Before heading up to Boston tomorrow for this year’s ASEEES conference, I wanted to add a few more thoughts on the conversation regarding Communism on Tomorrow Street. First, Karl Qualls raises an excellent point in his post about the motivations architects had in pursuing the ever-smaller dimensions of the single-family separate apartment. My own explanation centers on their goal of maintaining the integrity of the apartment as separate in the face of pressures to communalize large apartments. Qualls suggests that architects were likely also seeking to uphold the integrity of their profession and their craft. In short, since they designed an apartment to be separate, they expected it to be used in this way; its communalization represented the rejection of their authority. Here I would have to agree that this was a part of architects’ motivation in seeking a solution to the apartment’s communalization, especially in the Stalin years. And in the Khrushchev years, this question of professional authority continued to bother architects, perhaps even more so. Although I don’t cover this issue in great detail in my book, an episode that appears toward the end of chapter 2 illustrates the question Qualls raises. In this episode from 1960, which took place in the pages of Izvestiia, architects and housing engineers debated whether or not the methods of keeping apartments small and inexpensive had produced irrational outcomes.

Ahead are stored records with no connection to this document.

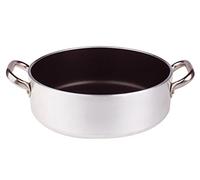 Pentole Agnelli Platinum Cacerola Baja con Dos Asas de Acero, Metal, Plateado, 36 cm
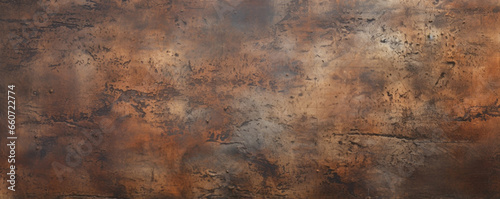 Texture of weathered brushed bronze, showcasing a distressed and rustic appearance. The paler, worn areas reveal the underlying blackened metal, while the raised portions are highlighted photo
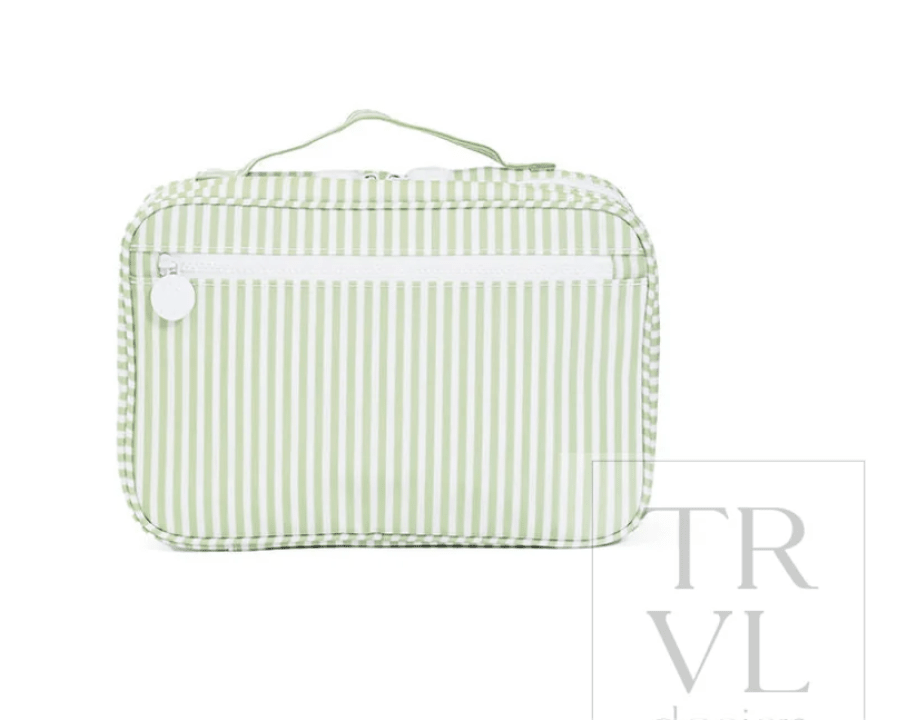 Bundle Up 2 Hanging Toiletry Bag- Pimlico Stripe Sage - by Morrow & Main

What appeared especially at stake in this episode was the cultural authority of those architects who felt that the main goal had been attained (single-family occupancy) and that to suggest apartments were irrationally designed was an insult to their work. In any event, figuring out how architects developed and sought to maintain their sense of professional authority–not only before the state but amongst each other–is a topic worthy of more attention.
To switch to another topic altogether–Dana Simmons reflects in her post on the relationship between “living” and “auxiliary” spaces in Soviet mass housing. I like Simmons’s suggestion that we think of “auxiliary” spaces (kitchens, corridors, bathrooms, toilets, and whatever goes into them) as “surplus space” in which “surplus life” took place, with all of the Marxist connotations that its extraction or inclusion had for people living under Stalin and Khrushchev. Simmons concludes, “The history of the krushchevka is one of containing an expansive surplus, extra, auxiliary life.” That is certainly true in an era in which people were able to acquire more consumer goods but had less space in which to store them. And Simmons’s observation about the separate apartment as a “space of absence” also raises an important point. It is not just that the khrushchevka had no room for large furniture or too many consumer goods (if that was actually a problem). Rather, for all of Khrushchev’s claims to egalitarianism, the separate apartment was indeed a space that by design (and distribution) was still part of the Soviet politics of exclusion of undesirable social groups.
Finally, in regards to the question of the social contract: I agree with Mark Smith in his post that there is much evidence in the mass housing campaign that points to the blurring of the lines between state and society. And I also agree that the traditional model of the social contract with “state” on side and “society” on the other doesn’t really help explain what we are observing. What I was trying to suggest instead is that we think more about the social aspects of the social contract–i.e., whether and how the decisions ordinary citizens made in pursuing better living arrangements had anything to do with a larger sense of social justice and social obligations. Perhaps this could be a way of making the concept of a social contract useful again.